Second step if to check how you have configure your pool by open it. Maybe you have configure it to recycle too often, or to recycle when you have more than 125k working set memory, and your program have 200k working set memory. So you need to recalibrate some values.
Together with process explorer you can see how much memory your application need, and setup correctly the pool.
Of cource maybe there are other problems and other issues with the memory but asp.net is not eat memory for every user and you need to check where your memory is used - and the process explorer is a good tool for this job.
Hope this help.
After deploying an ASP.Net application to a new server, the first user to hit the app gets a long pause, presumably because the app is performing its initial compilation. However, this pause seems to also also occur after the application has timed out and unloaded itself from memory.
The first compilation would be tolerable as it only happpens once, but the 2nd one seems to me like it should be unnecessary....is there a workaround to address this issue? It would be nice to be able to extend the application timeout, but I only see a way to extend the session timeout, which I would rather not do, as this would keep all user sessions in memory for a long period of time.
That's IIS shutting down the worker process - the default is a 20 min idle time. In IIS6, you can configure the app pool and turn off the Idle timeout (on Performance tab).
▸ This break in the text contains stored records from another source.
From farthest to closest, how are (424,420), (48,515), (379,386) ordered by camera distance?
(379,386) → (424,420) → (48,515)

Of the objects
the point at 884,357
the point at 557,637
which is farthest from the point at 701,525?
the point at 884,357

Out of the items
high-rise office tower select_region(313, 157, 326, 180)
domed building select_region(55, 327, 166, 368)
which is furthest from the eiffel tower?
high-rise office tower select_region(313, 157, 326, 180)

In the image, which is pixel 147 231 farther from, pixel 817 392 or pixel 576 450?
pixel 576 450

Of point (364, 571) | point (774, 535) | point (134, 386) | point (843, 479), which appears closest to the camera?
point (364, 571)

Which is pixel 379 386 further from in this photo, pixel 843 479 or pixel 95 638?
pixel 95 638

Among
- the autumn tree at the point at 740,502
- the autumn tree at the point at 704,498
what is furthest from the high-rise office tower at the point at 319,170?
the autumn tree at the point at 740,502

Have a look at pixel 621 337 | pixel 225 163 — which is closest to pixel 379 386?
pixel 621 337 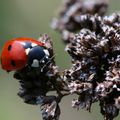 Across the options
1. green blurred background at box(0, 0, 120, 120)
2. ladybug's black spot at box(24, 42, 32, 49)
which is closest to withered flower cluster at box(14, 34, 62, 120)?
ladybug's black spot at box(24, 42, 32, 49)

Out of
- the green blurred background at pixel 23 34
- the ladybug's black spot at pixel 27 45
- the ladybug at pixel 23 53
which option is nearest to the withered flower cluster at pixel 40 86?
the ladybug at pixel 23 53

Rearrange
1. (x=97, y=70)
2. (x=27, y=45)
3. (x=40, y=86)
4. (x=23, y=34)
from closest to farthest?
1. (x=97, y=70)
2. (x=40, y=86)
3. (x=27, y=45)
4. (x=23, y=34)

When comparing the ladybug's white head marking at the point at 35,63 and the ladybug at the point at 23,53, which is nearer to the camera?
the ladybug's white head marking at the point at 35,63

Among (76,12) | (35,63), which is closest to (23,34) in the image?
(76,12)

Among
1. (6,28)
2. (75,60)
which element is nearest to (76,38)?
(75,60)

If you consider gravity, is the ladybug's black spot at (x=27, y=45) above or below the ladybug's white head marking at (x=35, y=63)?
above

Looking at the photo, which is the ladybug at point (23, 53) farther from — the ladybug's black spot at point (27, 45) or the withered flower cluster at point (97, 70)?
the withered flower cluster at point (97, 70)

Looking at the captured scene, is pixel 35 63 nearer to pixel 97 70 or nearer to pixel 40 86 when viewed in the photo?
pixel 40 86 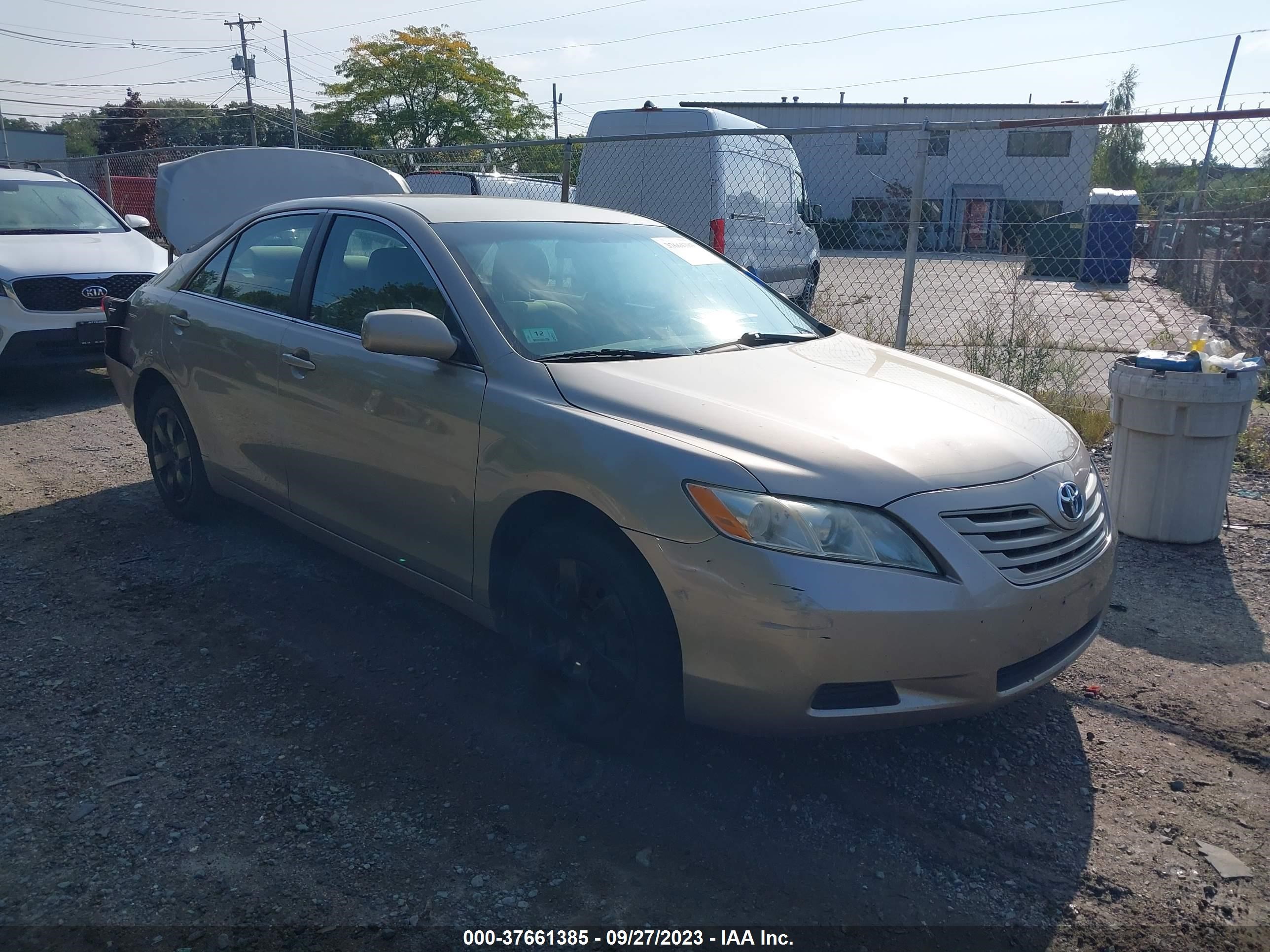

In IIS7, it's in the Advanced Settings.
A common way (though looks hackish to me) to keep the worker process alive is to have some program issue web requests to some URL in the application on a regular basis.
You can reduce the initial startup time by precompiling the ASP.NET app with aspnet_compiler.exe. This won't reduce the initial request time to zero (it'll still need to create the worker process and do other housekeeping.) but it'll noticeably reduce it.
I did find some recommended settings for the App Pools in IIS. The intended outcome of these settings is to reduce the number of times your application needs to go through the startup cycle. These settings should apply to IIS 6 as well as IIS 7:
Recycle Worker Process: Disable. Use this only if you have multiple websites and are trying to isolate processes.
Shutdown worker processes after being idle for (time in minutes): Disable unless you are sharing resources on your server. With this setting disabled, your website should not unload, ensuring that startup time for your site is as minimal as possible.